風俗街にあるコンビニで

仕事

高校生の時に、台東区千束、風俗街の吉原のど真ん中にあるコンビニでアルバイトをしていたことがある。

私はどこにコンビニがあるか全く知らず、求人情報誌に載っていた、高校生OKのアルバイトの面接に行った。住所を頼りに歩いていると、客引きの男の人があちらこちらに立っていた。制服で歩いていた私をジロジロ見てくる。何でこの子はここを歩いているんだ?という目つきだった。

ここで合ってるよな・・。そのコンビニは風俗街のど真ん中にある一軒のコンビニだった。周りはソープランドだらけ。

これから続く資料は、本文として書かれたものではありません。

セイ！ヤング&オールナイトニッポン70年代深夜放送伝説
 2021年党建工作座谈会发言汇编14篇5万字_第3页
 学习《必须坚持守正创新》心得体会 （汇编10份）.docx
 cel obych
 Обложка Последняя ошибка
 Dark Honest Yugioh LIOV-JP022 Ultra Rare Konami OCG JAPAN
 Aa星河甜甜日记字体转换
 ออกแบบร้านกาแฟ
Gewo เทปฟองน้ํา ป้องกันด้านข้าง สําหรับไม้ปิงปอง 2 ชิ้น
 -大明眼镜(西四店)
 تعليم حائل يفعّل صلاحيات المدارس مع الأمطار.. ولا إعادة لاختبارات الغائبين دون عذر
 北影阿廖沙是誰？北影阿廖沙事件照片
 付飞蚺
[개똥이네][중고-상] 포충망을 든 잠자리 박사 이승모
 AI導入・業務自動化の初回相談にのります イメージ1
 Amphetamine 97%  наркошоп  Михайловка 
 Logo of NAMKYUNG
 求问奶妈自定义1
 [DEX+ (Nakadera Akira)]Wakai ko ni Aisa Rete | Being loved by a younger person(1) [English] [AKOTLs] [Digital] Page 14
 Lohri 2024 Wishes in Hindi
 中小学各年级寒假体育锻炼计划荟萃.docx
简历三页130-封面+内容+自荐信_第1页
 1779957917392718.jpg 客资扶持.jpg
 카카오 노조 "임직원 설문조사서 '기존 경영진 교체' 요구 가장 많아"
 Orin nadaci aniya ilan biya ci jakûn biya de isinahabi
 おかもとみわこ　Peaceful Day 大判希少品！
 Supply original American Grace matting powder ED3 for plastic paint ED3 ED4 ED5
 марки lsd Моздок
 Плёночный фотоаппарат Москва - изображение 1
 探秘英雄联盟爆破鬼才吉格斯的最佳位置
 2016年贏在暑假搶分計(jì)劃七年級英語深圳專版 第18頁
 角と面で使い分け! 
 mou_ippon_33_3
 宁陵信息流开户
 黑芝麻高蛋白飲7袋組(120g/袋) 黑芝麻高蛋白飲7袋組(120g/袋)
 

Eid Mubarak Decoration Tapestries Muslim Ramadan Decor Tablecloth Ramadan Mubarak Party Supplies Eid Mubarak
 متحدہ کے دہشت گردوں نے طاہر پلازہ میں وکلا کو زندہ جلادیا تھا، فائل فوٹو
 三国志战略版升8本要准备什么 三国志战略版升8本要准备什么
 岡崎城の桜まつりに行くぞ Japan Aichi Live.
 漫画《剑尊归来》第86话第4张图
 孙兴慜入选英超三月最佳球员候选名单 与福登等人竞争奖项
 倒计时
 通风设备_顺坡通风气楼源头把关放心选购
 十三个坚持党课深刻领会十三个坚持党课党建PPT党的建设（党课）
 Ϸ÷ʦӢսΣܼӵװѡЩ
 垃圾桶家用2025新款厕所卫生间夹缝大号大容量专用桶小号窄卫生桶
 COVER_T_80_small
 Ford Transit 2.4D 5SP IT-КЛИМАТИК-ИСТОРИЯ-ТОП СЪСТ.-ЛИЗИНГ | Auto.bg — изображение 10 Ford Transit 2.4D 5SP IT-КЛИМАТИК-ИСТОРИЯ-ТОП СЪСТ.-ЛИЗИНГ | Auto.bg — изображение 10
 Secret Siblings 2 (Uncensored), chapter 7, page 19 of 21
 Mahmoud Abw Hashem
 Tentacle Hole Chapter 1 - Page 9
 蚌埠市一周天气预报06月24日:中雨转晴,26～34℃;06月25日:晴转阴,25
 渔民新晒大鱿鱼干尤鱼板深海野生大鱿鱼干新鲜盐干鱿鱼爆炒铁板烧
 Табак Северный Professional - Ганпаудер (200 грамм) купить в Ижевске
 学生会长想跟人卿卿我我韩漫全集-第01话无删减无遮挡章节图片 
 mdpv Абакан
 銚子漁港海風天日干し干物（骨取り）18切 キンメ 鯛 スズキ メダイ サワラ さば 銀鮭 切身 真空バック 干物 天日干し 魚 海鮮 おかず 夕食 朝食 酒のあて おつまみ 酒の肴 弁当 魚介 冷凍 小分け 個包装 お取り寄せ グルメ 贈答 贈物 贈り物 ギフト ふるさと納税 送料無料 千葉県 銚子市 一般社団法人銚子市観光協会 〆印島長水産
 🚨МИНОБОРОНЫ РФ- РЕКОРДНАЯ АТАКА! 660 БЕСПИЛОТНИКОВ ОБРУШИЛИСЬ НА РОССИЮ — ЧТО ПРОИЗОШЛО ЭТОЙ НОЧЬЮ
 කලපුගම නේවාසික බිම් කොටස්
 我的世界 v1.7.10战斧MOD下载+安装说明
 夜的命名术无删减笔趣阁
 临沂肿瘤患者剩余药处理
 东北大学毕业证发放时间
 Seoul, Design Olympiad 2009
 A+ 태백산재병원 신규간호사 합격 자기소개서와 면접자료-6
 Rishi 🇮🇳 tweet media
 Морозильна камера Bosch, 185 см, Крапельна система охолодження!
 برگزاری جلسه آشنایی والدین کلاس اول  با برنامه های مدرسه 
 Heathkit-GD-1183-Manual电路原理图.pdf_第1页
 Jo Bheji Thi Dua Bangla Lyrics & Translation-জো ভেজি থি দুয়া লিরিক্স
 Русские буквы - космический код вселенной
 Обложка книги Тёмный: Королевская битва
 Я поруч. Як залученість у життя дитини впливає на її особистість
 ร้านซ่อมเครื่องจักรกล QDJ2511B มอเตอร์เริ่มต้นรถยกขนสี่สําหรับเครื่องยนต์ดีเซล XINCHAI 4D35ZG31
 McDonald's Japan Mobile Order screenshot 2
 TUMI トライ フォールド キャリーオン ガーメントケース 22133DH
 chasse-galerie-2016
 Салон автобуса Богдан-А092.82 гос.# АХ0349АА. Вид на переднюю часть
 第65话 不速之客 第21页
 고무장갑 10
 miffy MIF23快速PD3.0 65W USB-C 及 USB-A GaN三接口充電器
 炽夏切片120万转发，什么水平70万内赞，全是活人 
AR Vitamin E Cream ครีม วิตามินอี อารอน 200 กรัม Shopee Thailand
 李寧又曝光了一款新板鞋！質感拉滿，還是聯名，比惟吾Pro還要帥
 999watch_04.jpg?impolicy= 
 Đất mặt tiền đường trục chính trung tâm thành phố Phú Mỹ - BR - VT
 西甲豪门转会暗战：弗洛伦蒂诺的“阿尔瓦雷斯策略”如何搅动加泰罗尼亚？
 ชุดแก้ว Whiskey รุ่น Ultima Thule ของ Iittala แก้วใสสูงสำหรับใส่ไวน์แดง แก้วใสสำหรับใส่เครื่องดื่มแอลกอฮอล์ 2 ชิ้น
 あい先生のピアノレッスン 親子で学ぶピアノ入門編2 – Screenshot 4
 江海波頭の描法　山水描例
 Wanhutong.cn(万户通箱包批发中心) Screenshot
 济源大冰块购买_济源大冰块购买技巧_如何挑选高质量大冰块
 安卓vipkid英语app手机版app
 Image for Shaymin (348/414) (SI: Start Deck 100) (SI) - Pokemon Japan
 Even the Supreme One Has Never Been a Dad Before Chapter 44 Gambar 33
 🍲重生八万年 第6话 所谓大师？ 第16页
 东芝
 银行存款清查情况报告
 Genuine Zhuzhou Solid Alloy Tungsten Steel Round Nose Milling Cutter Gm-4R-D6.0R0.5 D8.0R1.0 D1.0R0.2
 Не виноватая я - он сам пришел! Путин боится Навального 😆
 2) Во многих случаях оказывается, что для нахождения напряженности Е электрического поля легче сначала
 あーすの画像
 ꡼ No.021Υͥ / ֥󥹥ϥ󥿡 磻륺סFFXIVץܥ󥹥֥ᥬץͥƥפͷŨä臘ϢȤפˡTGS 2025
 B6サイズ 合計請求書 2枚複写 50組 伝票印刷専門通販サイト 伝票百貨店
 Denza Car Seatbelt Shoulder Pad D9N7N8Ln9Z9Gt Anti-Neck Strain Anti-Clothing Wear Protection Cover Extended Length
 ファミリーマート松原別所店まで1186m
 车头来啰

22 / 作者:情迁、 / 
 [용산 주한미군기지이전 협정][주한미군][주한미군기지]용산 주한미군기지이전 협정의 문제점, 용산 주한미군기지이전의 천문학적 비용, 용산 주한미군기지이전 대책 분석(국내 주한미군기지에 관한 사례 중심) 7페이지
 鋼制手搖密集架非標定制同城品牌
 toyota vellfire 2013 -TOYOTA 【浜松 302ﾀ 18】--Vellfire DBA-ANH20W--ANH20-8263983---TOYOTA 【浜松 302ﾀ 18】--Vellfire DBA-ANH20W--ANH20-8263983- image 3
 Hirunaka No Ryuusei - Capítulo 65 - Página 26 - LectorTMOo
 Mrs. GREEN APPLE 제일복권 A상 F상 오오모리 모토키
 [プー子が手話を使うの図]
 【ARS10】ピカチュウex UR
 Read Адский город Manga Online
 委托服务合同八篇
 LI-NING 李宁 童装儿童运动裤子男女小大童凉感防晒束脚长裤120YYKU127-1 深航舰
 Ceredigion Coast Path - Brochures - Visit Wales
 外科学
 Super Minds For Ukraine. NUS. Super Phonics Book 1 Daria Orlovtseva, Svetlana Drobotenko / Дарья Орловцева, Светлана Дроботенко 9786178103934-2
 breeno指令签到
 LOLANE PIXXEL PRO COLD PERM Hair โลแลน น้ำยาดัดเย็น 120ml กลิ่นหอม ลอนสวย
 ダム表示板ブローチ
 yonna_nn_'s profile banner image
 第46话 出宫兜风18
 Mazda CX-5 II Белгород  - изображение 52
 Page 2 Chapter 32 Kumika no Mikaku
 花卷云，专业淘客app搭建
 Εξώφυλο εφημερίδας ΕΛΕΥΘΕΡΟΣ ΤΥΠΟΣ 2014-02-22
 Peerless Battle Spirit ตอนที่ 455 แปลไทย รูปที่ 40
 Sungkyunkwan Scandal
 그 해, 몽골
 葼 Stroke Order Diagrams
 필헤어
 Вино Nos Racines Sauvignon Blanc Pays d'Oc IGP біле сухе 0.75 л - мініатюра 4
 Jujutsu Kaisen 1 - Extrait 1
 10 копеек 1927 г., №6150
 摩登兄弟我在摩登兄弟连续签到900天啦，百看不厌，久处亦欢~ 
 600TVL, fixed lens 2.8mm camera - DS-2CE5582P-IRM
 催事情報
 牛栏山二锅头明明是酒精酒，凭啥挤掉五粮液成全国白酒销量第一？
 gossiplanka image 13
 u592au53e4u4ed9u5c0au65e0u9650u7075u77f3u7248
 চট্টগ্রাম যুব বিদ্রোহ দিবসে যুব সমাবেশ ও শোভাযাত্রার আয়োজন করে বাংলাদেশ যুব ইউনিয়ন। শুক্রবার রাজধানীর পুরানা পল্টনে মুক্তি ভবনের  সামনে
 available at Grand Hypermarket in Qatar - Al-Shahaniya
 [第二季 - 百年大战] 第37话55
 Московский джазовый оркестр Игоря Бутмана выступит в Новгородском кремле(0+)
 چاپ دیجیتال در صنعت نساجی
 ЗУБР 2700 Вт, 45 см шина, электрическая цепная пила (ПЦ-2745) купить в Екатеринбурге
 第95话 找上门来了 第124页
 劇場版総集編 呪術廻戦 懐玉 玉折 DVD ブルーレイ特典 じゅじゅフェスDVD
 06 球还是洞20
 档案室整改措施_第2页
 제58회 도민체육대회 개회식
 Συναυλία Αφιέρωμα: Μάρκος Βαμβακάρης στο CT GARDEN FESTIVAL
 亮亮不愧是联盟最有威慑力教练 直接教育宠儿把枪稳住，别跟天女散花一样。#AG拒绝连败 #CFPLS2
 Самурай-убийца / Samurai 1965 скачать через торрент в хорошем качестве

マジかーと思いつつ、面接に無事通り、働くことになった。そのコンビニは、おでんも肉まんもホットスナックも無いし、クレジットカードも使えないし、電子マネーとかも無い時代だったので、仕事内容は楽だった。お客さんは、ソープランドや飲み屋で働くお姉さん、客引きの男の人が主だった。たまに近所に住んでいる人が買いにきたが、子供や学生はいなかった。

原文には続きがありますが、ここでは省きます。